Still catching up, but it would be churlish not to mention the 20th anniversary of Margaret Thatcher’s celebrated (in some circles) Bruges speech, which passed the other day with the usual guff from withdrawalists. The BBC’s Nick Robinson has a fun piece on the anniversary celebrations and the Tories’ Europe problem which is well worth reading, considering the fact that they’re likely to be in power at some point within the next couple of years.
Because the Tories under David Cameron still have no EU policy. I’ve been hunting for one for a while now (March 2008, July 2006), and they still seem no closer to working out what they even think of the thing. (It’s not just the Tories, of course – Labour are just as bad…)
The thing is, Thatcher’s near-infamous Bruges speech remains a great starting point for the Tories to set out their position on Britain’s involvement with the rest of Europe. An odd thing for someone who labels himself loosely pro-EU to say? Not really…
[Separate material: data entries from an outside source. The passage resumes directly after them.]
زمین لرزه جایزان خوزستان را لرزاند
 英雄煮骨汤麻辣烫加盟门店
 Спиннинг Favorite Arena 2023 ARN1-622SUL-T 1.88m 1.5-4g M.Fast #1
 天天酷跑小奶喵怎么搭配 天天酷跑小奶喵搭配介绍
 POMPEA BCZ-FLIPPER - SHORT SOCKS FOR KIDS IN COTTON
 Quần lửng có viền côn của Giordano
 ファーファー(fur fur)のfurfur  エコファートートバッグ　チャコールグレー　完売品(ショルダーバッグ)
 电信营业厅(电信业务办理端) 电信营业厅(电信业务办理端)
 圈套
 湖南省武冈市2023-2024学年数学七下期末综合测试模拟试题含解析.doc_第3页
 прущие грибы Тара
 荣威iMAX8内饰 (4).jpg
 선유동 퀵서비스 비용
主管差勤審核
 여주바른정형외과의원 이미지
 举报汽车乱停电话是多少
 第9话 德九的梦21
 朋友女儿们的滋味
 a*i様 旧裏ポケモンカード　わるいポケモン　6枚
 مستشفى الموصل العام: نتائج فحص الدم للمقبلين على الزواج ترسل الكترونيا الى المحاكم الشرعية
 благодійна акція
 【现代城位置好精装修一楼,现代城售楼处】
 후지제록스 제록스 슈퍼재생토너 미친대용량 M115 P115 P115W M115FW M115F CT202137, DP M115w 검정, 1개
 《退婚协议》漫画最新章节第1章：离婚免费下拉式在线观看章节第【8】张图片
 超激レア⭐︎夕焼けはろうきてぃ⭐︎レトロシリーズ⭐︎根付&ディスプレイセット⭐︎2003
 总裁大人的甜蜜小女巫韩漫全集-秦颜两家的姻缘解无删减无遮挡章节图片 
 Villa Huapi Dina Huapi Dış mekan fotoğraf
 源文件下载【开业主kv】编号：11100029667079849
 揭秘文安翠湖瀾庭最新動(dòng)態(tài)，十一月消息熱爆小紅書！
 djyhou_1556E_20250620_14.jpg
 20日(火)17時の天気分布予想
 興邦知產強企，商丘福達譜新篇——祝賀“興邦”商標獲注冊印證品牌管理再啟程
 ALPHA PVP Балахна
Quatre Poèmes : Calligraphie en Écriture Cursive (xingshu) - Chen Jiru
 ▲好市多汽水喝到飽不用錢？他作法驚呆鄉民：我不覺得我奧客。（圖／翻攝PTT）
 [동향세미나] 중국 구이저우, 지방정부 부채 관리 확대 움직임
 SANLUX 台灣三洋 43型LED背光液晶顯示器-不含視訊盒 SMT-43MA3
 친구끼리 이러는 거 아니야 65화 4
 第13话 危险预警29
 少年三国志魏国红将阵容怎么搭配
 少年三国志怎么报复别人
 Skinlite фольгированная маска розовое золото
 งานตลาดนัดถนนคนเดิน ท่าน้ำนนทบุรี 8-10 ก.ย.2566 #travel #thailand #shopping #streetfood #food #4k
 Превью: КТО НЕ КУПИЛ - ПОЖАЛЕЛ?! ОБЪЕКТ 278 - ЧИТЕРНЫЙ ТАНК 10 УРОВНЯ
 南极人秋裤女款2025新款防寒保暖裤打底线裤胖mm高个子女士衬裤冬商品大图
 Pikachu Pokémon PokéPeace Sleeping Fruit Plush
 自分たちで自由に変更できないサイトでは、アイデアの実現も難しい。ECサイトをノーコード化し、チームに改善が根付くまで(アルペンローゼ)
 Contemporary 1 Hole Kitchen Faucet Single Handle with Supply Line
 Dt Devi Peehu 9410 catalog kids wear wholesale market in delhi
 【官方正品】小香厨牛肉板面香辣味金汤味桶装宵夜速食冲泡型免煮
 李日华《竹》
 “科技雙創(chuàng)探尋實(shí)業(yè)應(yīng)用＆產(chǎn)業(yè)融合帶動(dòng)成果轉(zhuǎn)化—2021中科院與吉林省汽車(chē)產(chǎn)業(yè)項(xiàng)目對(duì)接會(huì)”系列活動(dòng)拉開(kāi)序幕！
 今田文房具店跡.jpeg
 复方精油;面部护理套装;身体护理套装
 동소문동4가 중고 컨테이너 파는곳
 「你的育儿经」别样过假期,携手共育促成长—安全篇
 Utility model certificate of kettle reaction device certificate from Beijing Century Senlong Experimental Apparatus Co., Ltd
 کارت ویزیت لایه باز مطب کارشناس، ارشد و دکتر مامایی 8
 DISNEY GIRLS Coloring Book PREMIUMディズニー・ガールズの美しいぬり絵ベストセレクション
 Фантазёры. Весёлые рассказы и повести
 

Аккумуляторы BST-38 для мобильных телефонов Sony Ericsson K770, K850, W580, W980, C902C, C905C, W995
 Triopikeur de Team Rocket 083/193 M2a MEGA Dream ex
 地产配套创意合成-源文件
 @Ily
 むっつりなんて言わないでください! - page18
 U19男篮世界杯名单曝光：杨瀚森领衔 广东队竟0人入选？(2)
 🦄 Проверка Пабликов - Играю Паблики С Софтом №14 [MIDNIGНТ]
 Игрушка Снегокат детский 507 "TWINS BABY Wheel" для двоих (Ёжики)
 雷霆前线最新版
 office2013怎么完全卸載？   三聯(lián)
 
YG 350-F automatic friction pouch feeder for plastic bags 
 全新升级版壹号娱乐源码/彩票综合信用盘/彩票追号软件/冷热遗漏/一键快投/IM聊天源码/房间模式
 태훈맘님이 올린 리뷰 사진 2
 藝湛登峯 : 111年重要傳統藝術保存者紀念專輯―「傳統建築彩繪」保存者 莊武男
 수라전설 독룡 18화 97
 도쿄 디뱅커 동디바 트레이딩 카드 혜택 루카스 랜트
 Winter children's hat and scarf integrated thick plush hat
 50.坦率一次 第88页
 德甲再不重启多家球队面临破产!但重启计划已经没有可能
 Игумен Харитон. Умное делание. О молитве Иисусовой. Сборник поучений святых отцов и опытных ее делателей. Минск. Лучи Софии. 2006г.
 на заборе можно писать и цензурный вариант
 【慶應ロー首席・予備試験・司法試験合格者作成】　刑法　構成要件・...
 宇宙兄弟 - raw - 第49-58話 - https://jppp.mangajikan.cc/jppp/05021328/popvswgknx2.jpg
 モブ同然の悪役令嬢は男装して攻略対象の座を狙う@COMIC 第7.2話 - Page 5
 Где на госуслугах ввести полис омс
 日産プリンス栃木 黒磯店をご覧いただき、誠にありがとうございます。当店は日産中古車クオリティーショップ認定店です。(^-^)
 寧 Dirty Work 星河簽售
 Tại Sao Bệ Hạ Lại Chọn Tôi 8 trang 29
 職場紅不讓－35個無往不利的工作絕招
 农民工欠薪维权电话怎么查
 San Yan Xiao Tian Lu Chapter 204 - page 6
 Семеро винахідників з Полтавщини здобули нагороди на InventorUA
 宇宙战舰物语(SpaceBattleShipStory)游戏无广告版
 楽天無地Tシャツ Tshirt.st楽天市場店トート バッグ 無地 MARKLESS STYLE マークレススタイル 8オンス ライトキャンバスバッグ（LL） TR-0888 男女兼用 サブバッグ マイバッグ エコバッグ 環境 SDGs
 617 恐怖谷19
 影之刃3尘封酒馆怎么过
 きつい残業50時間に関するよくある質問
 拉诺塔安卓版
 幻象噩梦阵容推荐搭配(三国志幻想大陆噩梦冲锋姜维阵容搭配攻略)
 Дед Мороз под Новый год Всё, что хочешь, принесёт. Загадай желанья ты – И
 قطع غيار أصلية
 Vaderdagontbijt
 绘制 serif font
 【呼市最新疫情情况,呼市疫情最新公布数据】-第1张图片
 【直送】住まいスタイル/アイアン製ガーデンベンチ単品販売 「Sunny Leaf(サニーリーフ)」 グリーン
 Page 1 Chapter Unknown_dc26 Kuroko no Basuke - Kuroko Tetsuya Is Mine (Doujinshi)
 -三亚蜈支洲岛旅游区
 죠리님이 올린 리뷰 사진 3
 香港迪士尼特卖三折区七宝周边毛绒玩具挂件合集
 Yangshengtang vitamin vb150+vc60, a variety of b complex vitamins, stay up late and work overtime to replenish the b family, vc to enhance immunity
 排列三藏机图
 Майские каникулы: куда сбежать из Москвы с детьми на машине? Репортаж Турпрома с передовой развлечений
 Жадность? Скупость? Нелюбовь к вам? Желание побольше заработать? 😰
The speech is well worth reading in full – because it’s now become this near-mythical anti-EU manifesto for British withdrawalists (notably anti-EU “think tank” the Bruges Group, named after the speech – a think tank not afraid to associate itself with some of the more hysterical anti-EU crowd).
With such a massive reputation to fight through, it’s very easy to make assumptions about what Thatcher actually said. Listen to the anti-EU lot and you’d think that the speech was a blistering attack on the very idea of a common European future, delivered in the kind of foaming-at-the-mouth style that anyone who’s been knocking around EU-related internet forums has come to associate with British euroscepticism. (Seriously, British anti-EU types – you’re embarrassing me here… I want to feel proud of being British, and you’re making us all look like arseholes – same as those drunken tits on the Costa del Sol. Whatever happened to the old British virtues of decency, restraint and politeness?)
Yet it actually contains much that is positive towards a European Union, and fully supports continued British engagement at the heart of the process. It’s just that it doesn’t support the direction the current EU has been heading for the last 30-odd years towards greater centralisation and uniformity. Pretty much all of Thatcher’s suggestions back then are still being made to this day – and not just by eurosceptics.
Sadly, though, Thatcher’s Bruges speech is more referred to than read – and thanks to its current associations with flag-waving anti-EU nutters it is mostly ignored. Yet its overall vision for Europe remains a sound alternative to the current model, while in the details are identified many of the key problems with the current set-up, none of which have really changed in two decades. It’s got its problems, certainly – I don’t advocate everything that Maggie said by any means – but as a starting point for creating an alternative vision for the European Union, it remains both simple (if occasionally overly simplistic) and compelling. Check out the Wordle-generated word cloud of the speech (with only Europe, Community, European, Britain, British and removed – the five most commonly-used words, and in that order) – there may be a slight tilt towards an economic vision of European co-operation, but she covers a lot of ground:
Most satisfying, though, is that it provides a healthy supply of quotes defending and advocating Britain’s close involvement with the rest of Europe (even to the point of advocating greater use of a European single currency) which can be thrown at any British eurosceptics that happen by…
“We British are as much heirs to the legacy of European culture as any other nation. Our links to the rest of Europe, the continent of Europe, have been the dominant factor in our history…
Too often, the history of Europe is described as a series of interminable wars and quarrels. Yet from our perspective today surely what strikes us most is our common experience… It is the record of nearly two thousand years of British involvement in Europe, cooperation with Europe and contribution to Europe, contribution which today is as valid and as strong as ever…
Britain does not dream of some cosy, isolated existence on the fringes of the European Community. Our destiny is in Europe, as part of the Community.”
What are the chances of David Cameron ever making a speech containing that kind of rhetoric? The old Tory squabbles over the EU that dominated the 1990s may well have subsided, but the party leadership are still worried that they’re bubbling away under the surface. The recent campaign for a referendum on the Lisbon Treaty showed how powerful anti-EU populism can be. Though the campaign was ultimately unsuccessful, it did demonstrate one thing – euroscepticism remains a danger to the Conservative party. Perhaps its biggest danger.
These people will be in charge of the EU’s second largest economy – and yet even they don’t know what they are going to do once they come to power.
(On a related note, Richard Corbett may be a decidedly pro-EU Labour MEP writing in the left-wing Guardian, so just about as biased as they come on this topic, but his recent look at current Tory attitudes towards the EU is essential reading.)